Check out the Docker Course.

Build a Docker image

docker build -t NAME .

List Docker Images

docker images

List Running Docker Containers

docker ps

List All Docker Containers, includig the ones that were stopped

docker ps -a

Run a docker image in an interactive mode and open /bin/bash

docker run -it IMAGE /bin/bash

Run the Docker image called IMAGE as the container called NAME in an interactive mode. Attach the current working directory in the host filesystem to the /opt in the container.

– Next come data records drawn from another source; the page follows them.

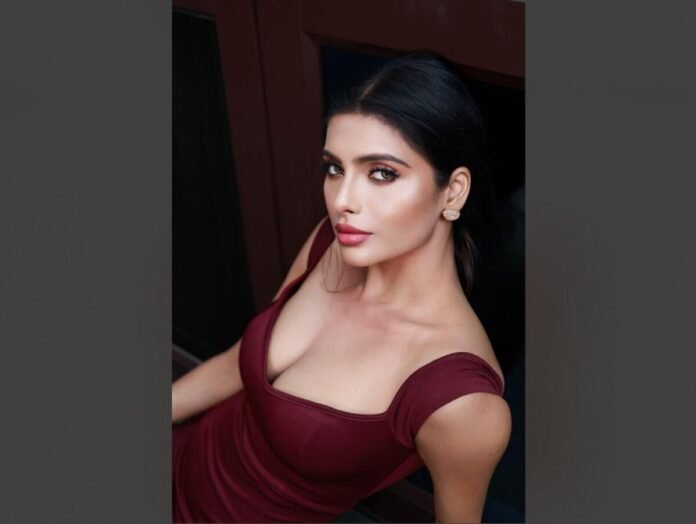 Ayeesha Aiman: Writing a new chapter of success in B-town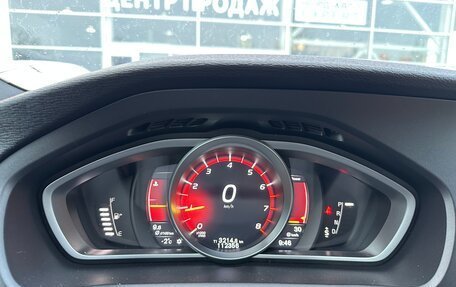 Volvo V40 Cross Country I, 2018 год, 1 550 000 рублей, 17 фотография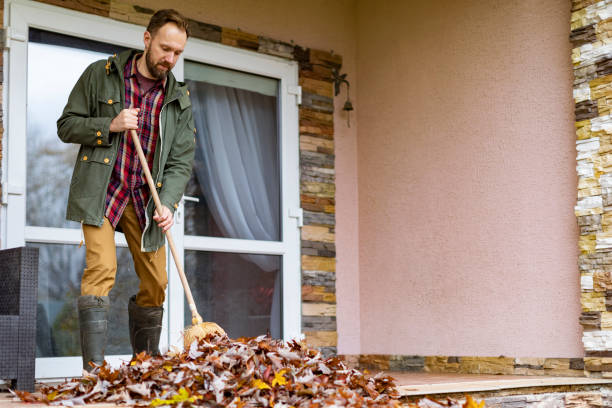 Best Garage Cleanout Services  in Mcloud, OK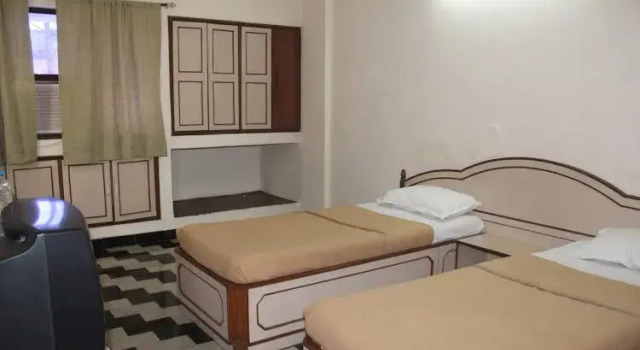 Hotel Royale Inn, Book Hotel 3-stjernede hoteller i Vapi, 3*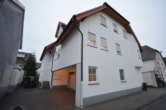 DIETZ: 3-Zi.-Terrassenwohnung mit Einbauküche, Fußbodenheizung, G-WC, PKW-Stellplatz - Ober-Roden - Außenansicht 5-Familienhaus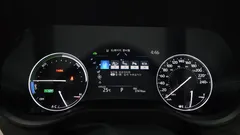 2021 Toyota Sienna 2.5 Hybrid 2WD, белый — фото 8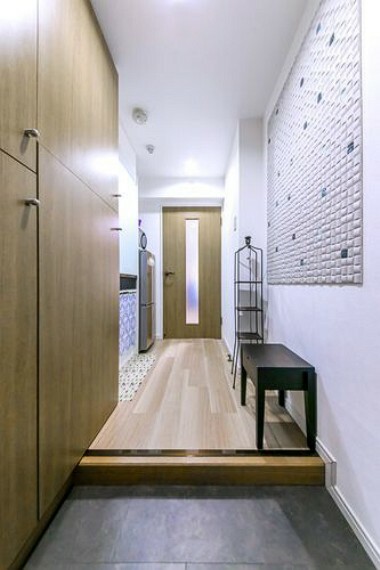 住まいの第一印象を決める玄関スペースは、清潔感ある空間に。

docker run -it -v $(pwd):/opt --name NAME IMAGE

List all the docker containers in quiet mode - CONTAINER IDs only

docker ps -aq

Remove docker container by DOCKER ID

docker rm DOCKER_ID

Combine the above two and remove all exited (stopped) the Docker containers:

docker rm $(docker ps -aq)

docker run -it  -d -p 8080:80 sudoku  /bin/bash

Attach to running container based on CONTAINER ID that can be listed by docker ps -a.

docker attach CONTAINER_ID

Then we can exit the container.

Docker Hub

Once we have a Dockerfile in our GitHub project we can configure Docker to host our public image. For this we need to register on the Docker HUB. In there we need to click on Create/Create Automated Build in the menu. If we have not linked our GitHub account yet then we need to do it now. (See Configure automated builds on Docker Hub for further details.)

Digital Ocean

The docker-machine command allows us to use VPS-es on various cloud service providers, for example on Digital Ocean. There is an article on Docker for Digital Ocean.

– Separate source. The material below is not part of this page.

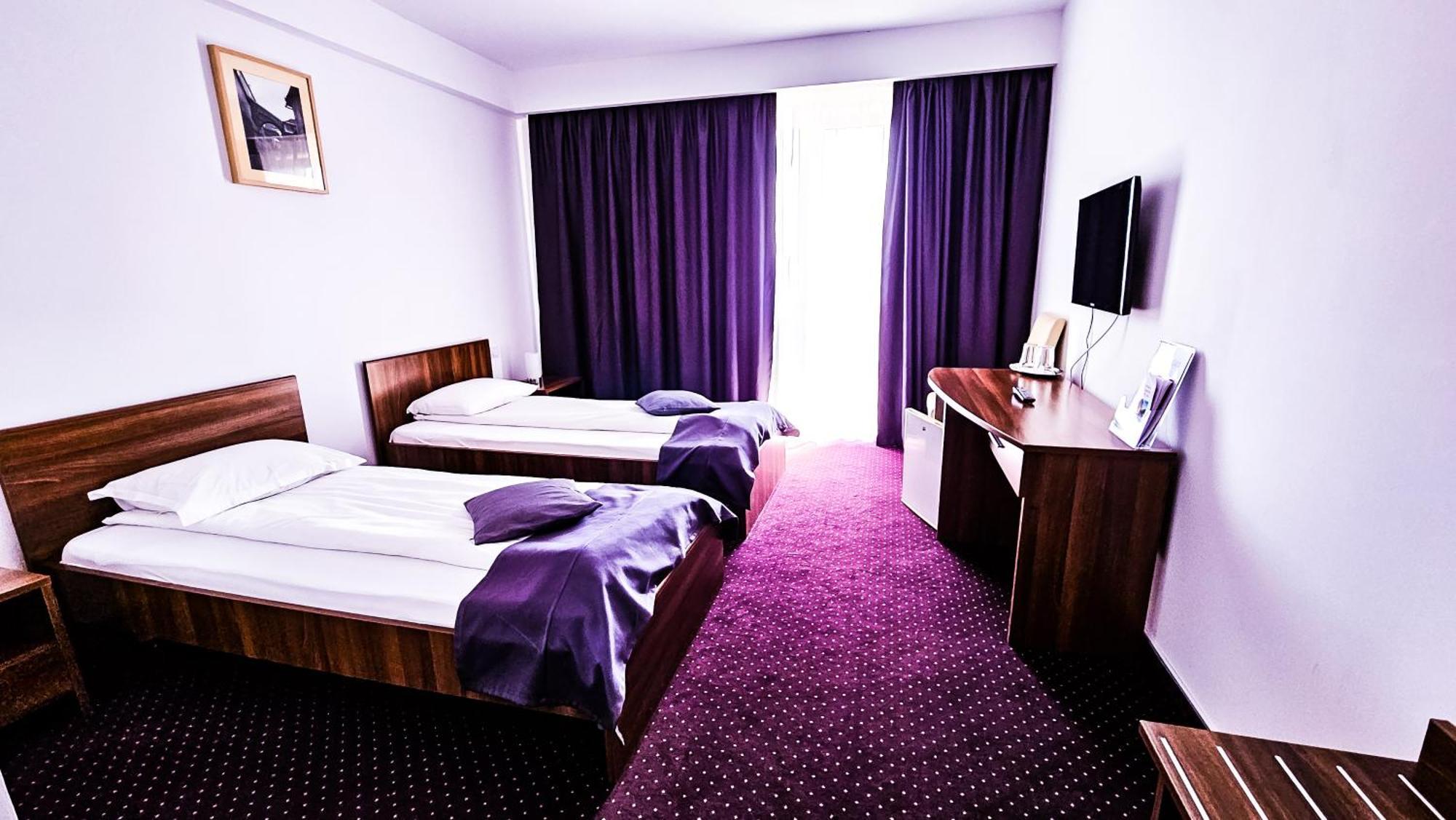 Hotel Eden Сибиу Экстерьер фото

$ docker-machine create --driver digitalocean --digitalocean-access-token xxxxx docker-sandbox

Where xxxx is the Access token you generate in your Digital Ocean account. docker-sandbox is an arbitrary name that will be used as the name of the VPS on Digial Ocean.

$ docker-machine ls
$ docker-machine ip docker-sandbox
$ docker-machine inspect docker-sandbox

There all Run locally and lists the machne we have in the cloud and maybe also locally or inspect the configuration of one of the machines.